What’s up with the Kim K. double standard?

    At first glance, it’s easy to understand why some Black women aren’t the biggest fans of Kim Kardashian. The reality star and entrepreneur seems to perpetually date only successful Black men, the demographic that so many sisters almost exclusively covet. However, Kim is not my concern. My gripe is an even bigger one aimed at Black men.

    While I don’t have any qualms about the possibility of Kanye West and Kim dating, as recent rumors suggest, what is curious to me is why successful Black men find Kim and other non-Black women who have common African-American attributes (read: big behinds) so desirable? Kim is clearly an attractive woman, but that doesn’t explain why brothers seem so eager, almost giddy, at the idea of dating and possibly “wifing” her up.

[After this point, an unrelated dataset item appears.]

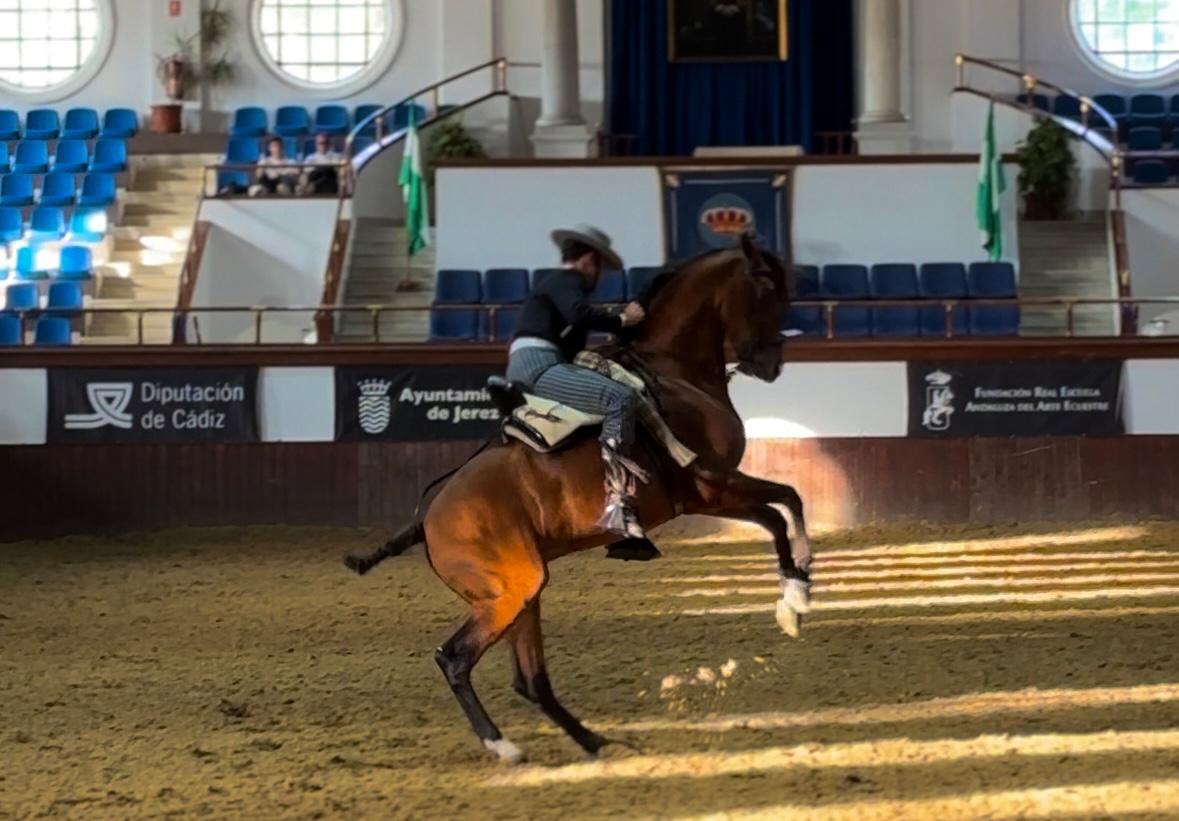 La Real Escuela acogió el XIX Campeonato de España de Menores de Doma Vaquera y el Concurso Nacional de Doma Vaquera de Caballos Jóvenes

    No, I’m not hating. Kim can date whomever she pleases, but would a Black woman who’d starred in a sex tape be at the top of the list for these same successful brothers?

    If a Black woman were to have done the same exact things Kim did in her rise to fame, I can guarantee you that she would in no way have secured the same amount of success. I would bet my last dollar on it, in fact. As popular as video chick-turned-bestselling author Karrine Steffans has become, you never see successful brothers strutting around town with her on their arms. 

That serves to suggest that Black men would not hold a Black woman with a somewhat sordid past on a proverbial plateau. In fact, no successful and popular Black men would touch her with a 10-foot pole. He definitely would not consider marrying her and publicly celebrating her as his queen.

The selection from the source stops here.